[Activity] Output only the lines below from the one holding "Mitsubishi Strada G-Wagon" down to the one holding "دیدار سرپرست منطقه", both end lines included and every picture dropped.

[Entries shown]

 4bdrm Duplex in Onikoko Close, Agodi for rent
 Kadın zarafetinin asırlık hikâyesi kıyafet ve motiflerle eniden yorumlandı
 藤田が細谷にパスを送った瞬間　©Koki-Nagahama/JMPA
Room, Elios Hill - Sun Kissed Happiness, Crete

* * *

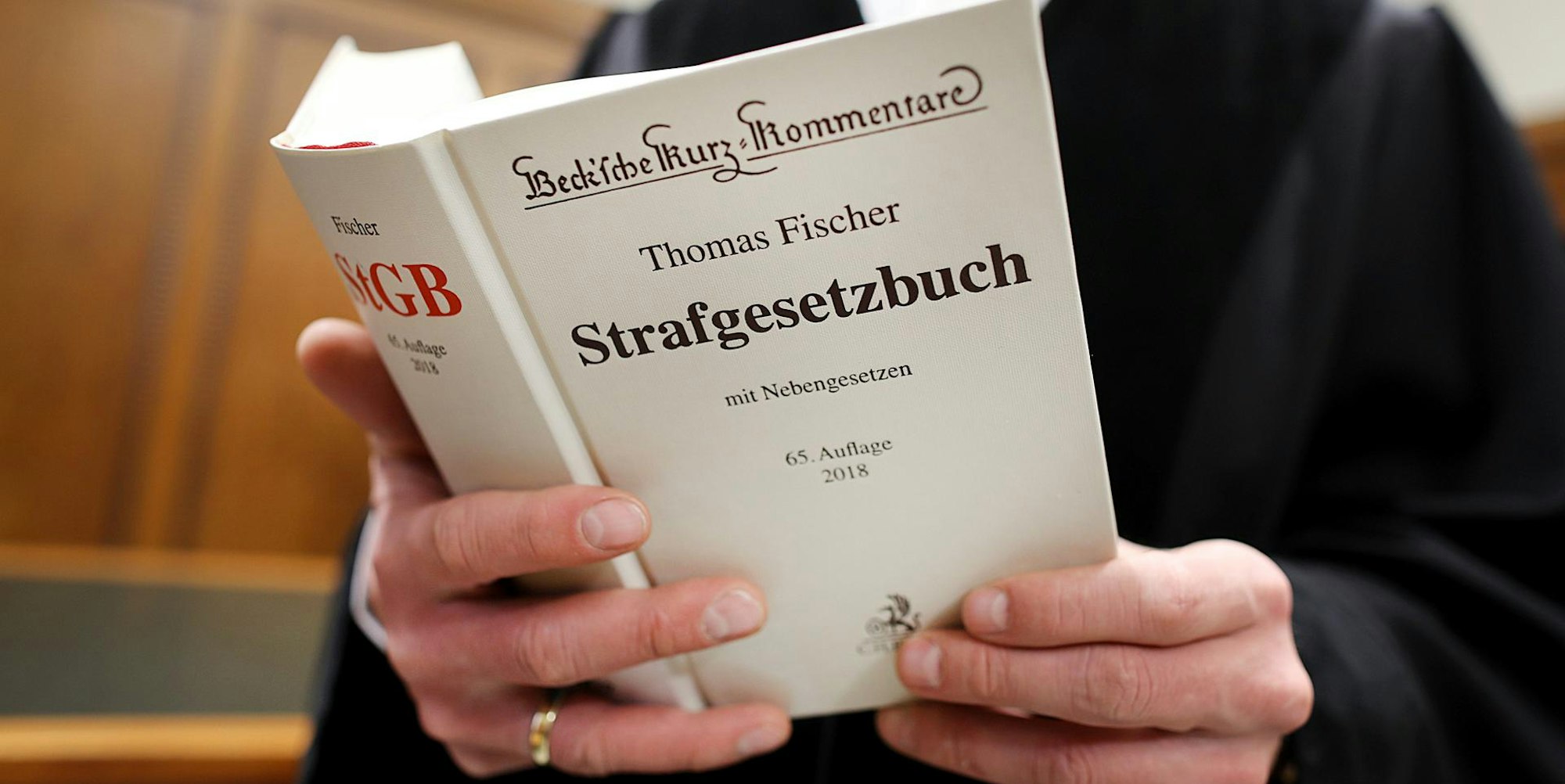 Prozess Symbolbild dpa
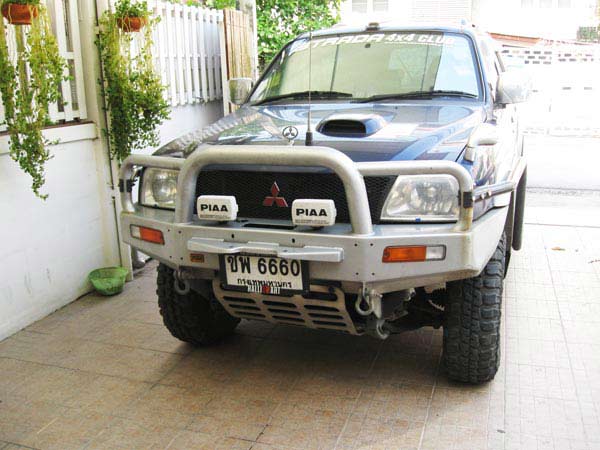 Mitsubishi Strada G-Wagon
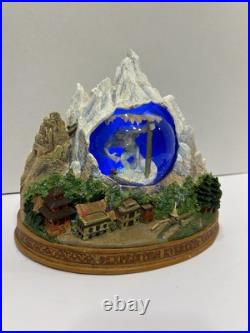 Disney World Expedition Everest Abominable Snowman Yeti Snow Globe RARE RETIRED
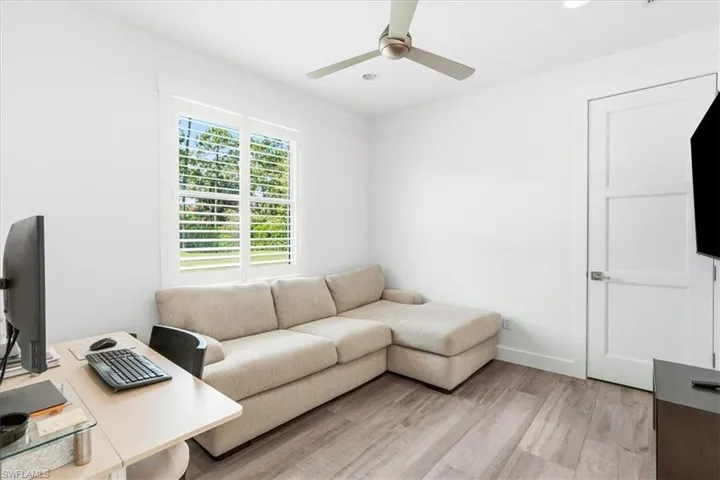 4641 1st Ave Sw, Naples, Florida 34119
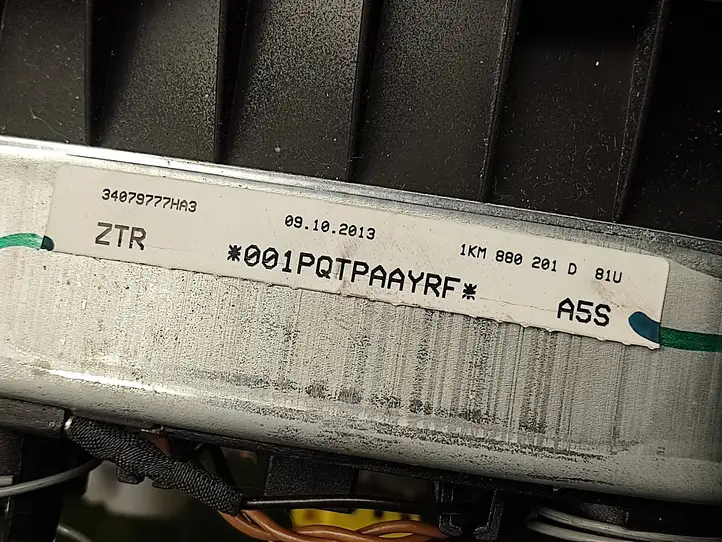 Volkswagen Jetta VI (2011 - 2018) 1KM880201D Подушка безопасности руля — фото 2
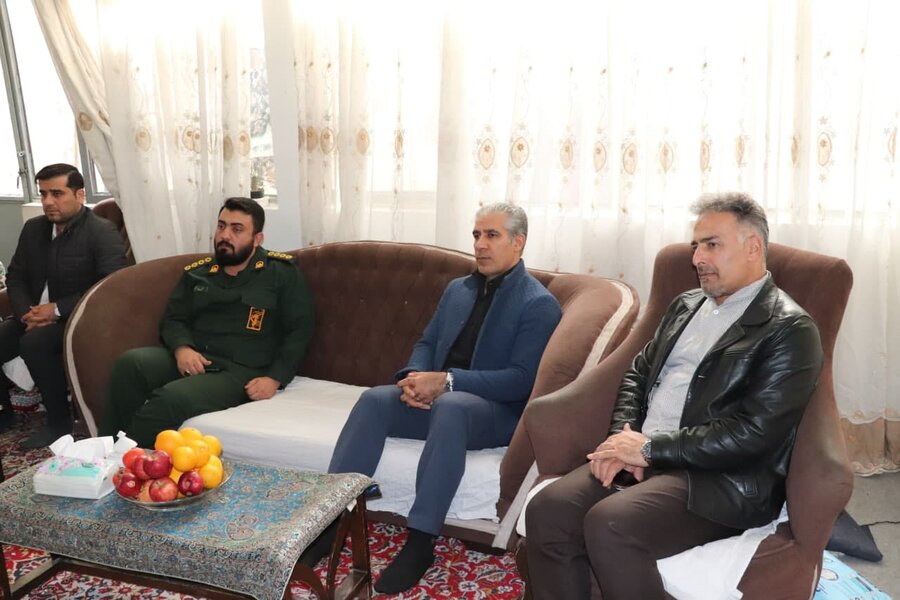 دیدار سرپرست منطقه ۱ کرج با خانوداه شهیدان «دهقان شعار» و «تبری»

[Solution for this task]
 Mitsubishi Strada G-Wagon
 Disney World Expedition Everest Abominable Snowman Yeti Snow Globe RARE RETIRED
 4641 1st Ave Sw, Naples, Florida 34119
 Volkswagen Jetta VI (2011 - 2018) 1KM880201D Подушка безопасности руля — фото 2
 دیدار سرپرست منطقه ۱ کرج با خانوداه شهیدان «دهقان شعار» و «تبری»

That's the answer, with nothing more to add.